I went to art school. Not design school, but art (and aero engineering for a while also, but that's another story). I took design classes, and have worked as a graphic designer and print art director for a while. Art taught precisely the same principles of color, space, line, organization, the way the viewer's eye interacts with the work and so on as design did. While design tended towards principles founded in scientific understanding, artistic principles are based on centuries of trial and error and tradition.
But the same principles apply in the end. Which leads me to: paper is an interactive experience. You flip pages, have to understand where you are in the system, and where you want to go to next (not always the next page). There has to be an information hierarchy expressed via size, shape, position, color and weight. If there's more to be found on another page, it has to be clear that this is true, and how to find the rest of it. And so forth.
Except for learning technology, and some more about cognitive psychology, and some changes in user expectations, my work is rooted in the same stuff I have been doing for 25 years. (And if you are doing the math, yes, I was doing graphics for real clients for real money by the time I was 15). I have gotten on very well hiring print designers and letting them learn the ways of interactive design... actually, generally better than hiring interactive people and teaching them design fundamentals.

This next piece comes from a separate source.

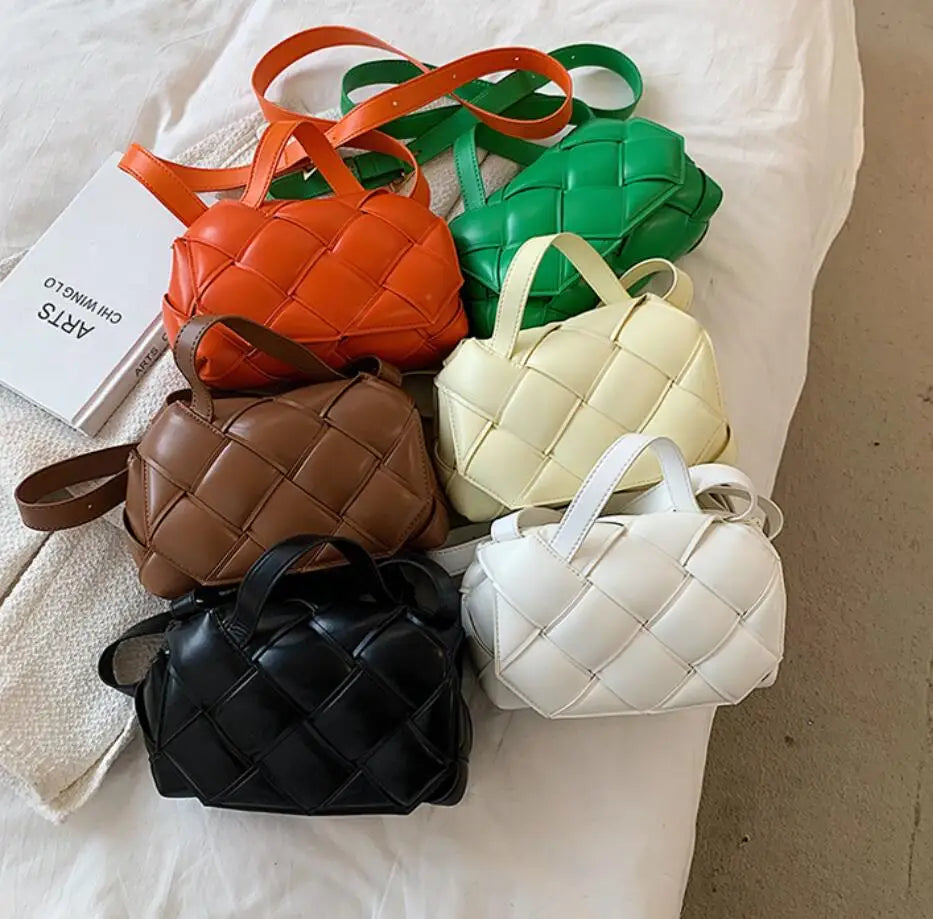 Leather Woven Crossbody Bag Small Square Totes Clutch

Some principles of interaction, for paper, pixels or come what may
As interactive designers, we don't need to guess, and flail about wildly for ideas or analogies or new understandings of the way humans read or pick things up.
Oh, sure, the Devil is in the details. But I also say Hell is in the fundamentals. If you don't get the basics down pat you are just as doomed. Here at Little Springs we've put a fair number of basics regarding mobile interaction down in a pattern wiki (if you have ideas, add them... it's a wiki). But I am sometimes worried that we don't have enough basics of design.

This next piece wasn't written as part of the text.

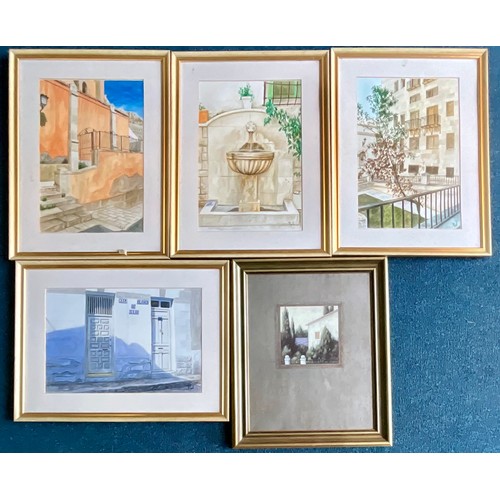 27 - FOUR WATERCOLOURS OF MEDITERRANEAN SCENES WITH P. GIL (OR PIGIL) SIGNATURE T/W A J WIENS PRINT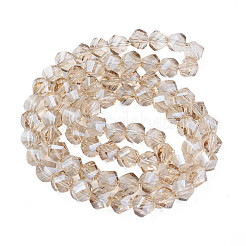 Electroplate Transparent Glass Beads Strands&nbsp;EGLA-N002-39-F03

I am then concerned that it's not my job to define these basics. I mean, they are fundamentals of design. But since interactive designers keep missing them, here's a relatively random list (with brief discussion) of them:
- Multi-column text is not to meet some design style, but to restrict line length. And line lengths are not based on fixed sizes, or even percentages of page width, but on character count. You can try this yourself with some fluid-layout website (a sadly large number of news sites). Make it narrow and read half an article. Then make it wide and read the rest. Long lines are harder to read. Anything over about 60-65 characters (averaged) is the maximum length you want to use. Too short depends on how many long words you have. For technical documents, a minimum column is much wider than a traditional newspaper. Try it out, and see how things break.

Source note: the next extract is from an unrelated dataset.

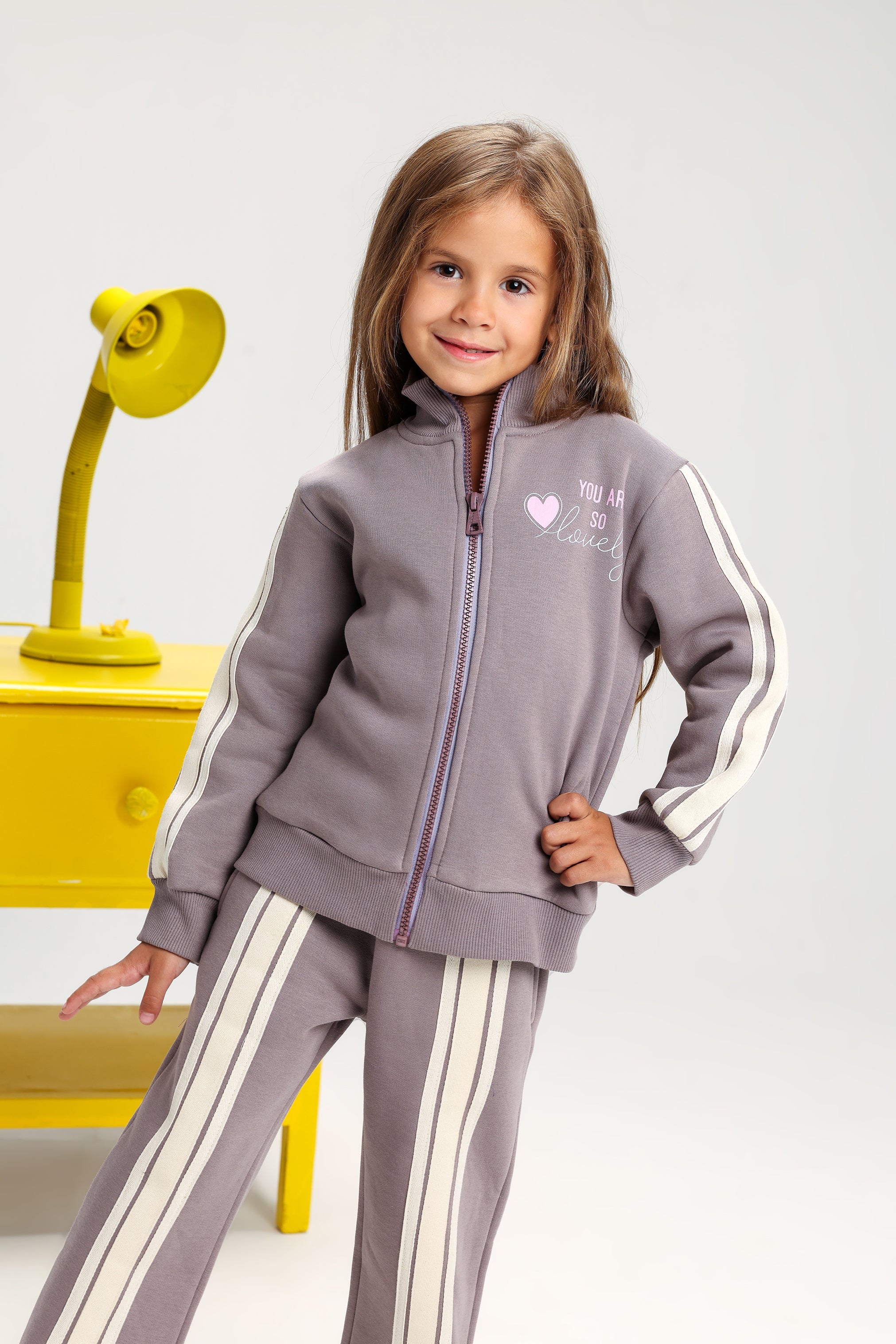 Girls’ Cotton Winter Tracksuit – 2-Piece Zipper Jacket & Pants Set (kashmir)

- Lay out elements with a design hierarchy. There are optional versions, and some interactive types insist time is another component, but for simplicity I say it's: Position > Size > Shape > Contrast > Color > Form. The most important items are larger, higher, brighter, and so on. For more detail on what these mean, read my book.
- Grids do not have to be like graph paper, with an over-ordered regularity which seems to be in vogue now. Any set of vertical and horizontal lines will do, and then elements hang off these. Columns and margins and gutters are defined by this. Grids are not some new web-design thing; they have been around for around at least 700 years.
- The term false bottom, or false top, is interactive design specific, and refers to users thinking they are at the end of the content and not continuing to scroll. But it's a fundamental problem from print design as well. If text flows from one column to the next, or one page to the next, it must be designed so the relationship between them is clear. Much the same design hierarchy applies, and the use of grids help this. "Continued on page 86" is all but a hyperlink from the past, which has been inherited by interactive; "read the rest of this blog post" is basically the same thing.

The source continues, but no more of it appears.